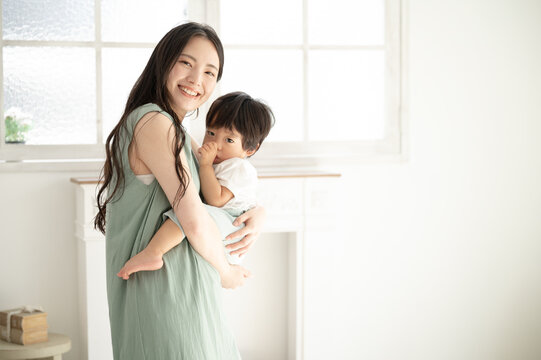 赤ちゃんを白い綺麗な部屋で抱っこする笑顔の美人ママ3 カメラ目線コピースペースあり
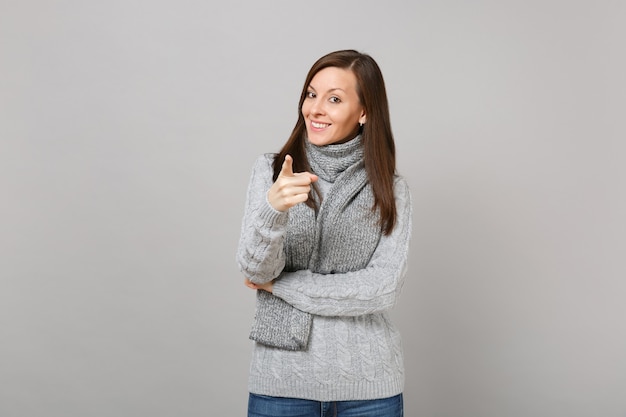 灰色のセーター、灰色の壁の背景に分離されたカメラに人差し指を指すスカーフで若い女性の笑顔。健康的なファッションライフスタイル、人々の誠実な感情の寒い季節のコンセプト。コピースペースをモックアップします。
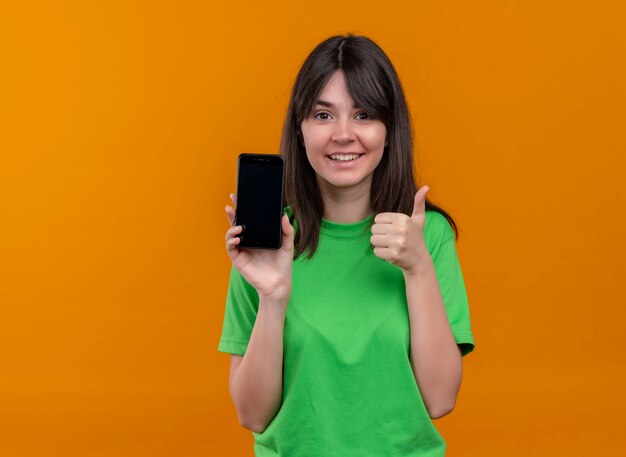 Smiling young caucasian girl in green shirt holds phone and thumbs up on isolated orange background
==*==
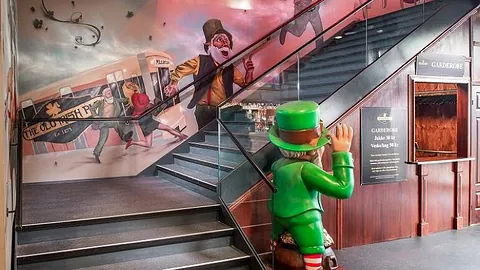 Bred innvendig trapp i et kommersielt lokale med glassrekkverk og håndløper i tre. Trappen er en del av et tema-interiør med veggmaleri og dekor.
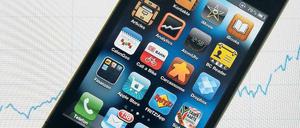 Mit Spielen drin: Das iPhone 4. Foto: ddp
==*==
Give back exactly the lines above that run from the one with "灰色のセーター、灰色の壁の背" to the one with "Smiling young caucasian", including both, with the pictures left out.

 灰色のセーター、灰色の壁の背景に分離されたカメラに人差し指を指すスカーフで若い女性の笑顔。健康的なファッションライフスタイル、人々の誠実な感情の寒い季節のコンセプト。コピースペースをモックアップします。
 Smiling young caucasian girl in green shirt holds phone and thumbs up on isolated orange background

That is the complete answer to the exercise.